Mercoledì 24 Aprile 2024

Il futuro di Calenda? Dipende dal Pd

Bruno

Vespa

Tra i leader politici in circolazione, Carlo Calenda (Meloni a parte) è quello che desta maggiore curiosità. È in conflitto fisiologico con Renzi, ma ci ha fatto insieme un partito con buone prospettive. È all’opposizione, ma parla benissimo del presidente del consiglio, va a trovarlo e si trova in sintonia su temi importanti, come la riforma dell’abuso d’ufficio e del reddito di cittadinanza. Insomma, che vuole? Prendere - dice - il 20 per cento dei voti alle elezioni europee tra un anno e mezzo. Traguardo ambizioso e per ora poco realistico. Calenda piace alle élite, ma per fare il botto occorre la folla. Il leader di Azione punta allo smottamento di Forza Italia a destra e del Pd a sinistra. In Forza Italia tra la corrente governativa e minoritaria (Tajani) e quella antigovernativa (RonzulliMulè) è guerra aperta. Le elezioni regionali di Lazio e Lombardia in febbraio saranno una prima verifica, insieme con l’onda lunga dei risentimenti provocati dalle elezioni politiche e dalla formazione del governo che non si è ancora fermata. Nel Pd la situazione è ancora più intricata.

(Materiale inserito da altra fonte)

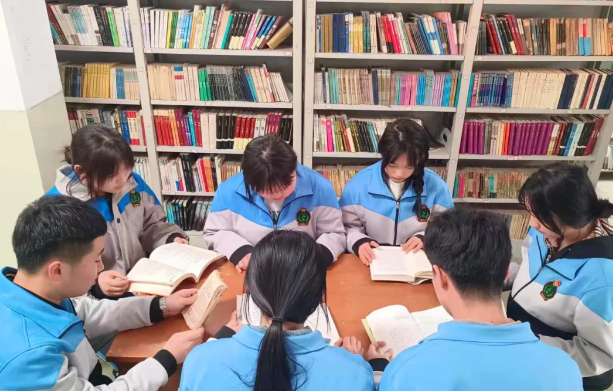 �򲩡�max(�й���)�����ٷ���վ-Unique Platform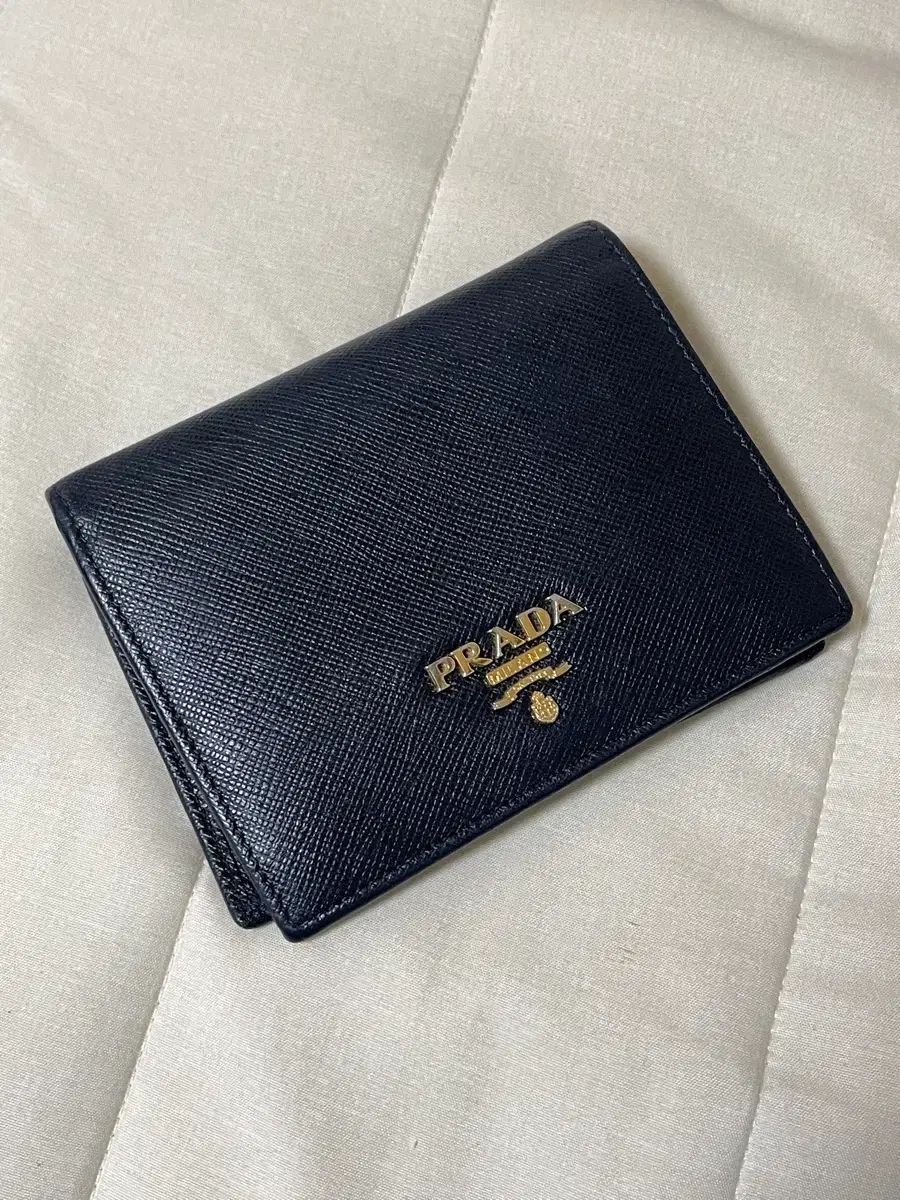 PRADA プラダ サフィアーノ メタルロゴ 二つ折り財布 - メルカリ PRADA プラダ サフィアーノ メタルロゴ 二つ折り財布 - メルカリ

Stefano Bonaccini è un buon amministratore riformista: la sua elezione non porterebbe fughe verso Calenda, perché il presidente dell’Emilia ha una posizione politica radicalmente diversa da quella di Giuseppe Conte, mentre un’affermazione di Elly Schlein lascia prevedere il contrario: alleanza con i 5 Stelle e smottamenti verso il centro di Azione. È troppo presto, insomma, per guardare lontano. Conte ha iniziato ieri sera a Scampia la sua campagna contro il governo per "arginare la disperazione" entro un alveo democratico. Ma è troppo radicale perché anche il nuovo Pd possa collaborarci. Bonaccini non dirà subito da che parte sta. E Calenda dovrà rassegnarsi a stare ancora un po’ in riva al fiume. Tra gli infiniti problemi di Giorgia Meloni non c’è quello di una opposizione pericolosa.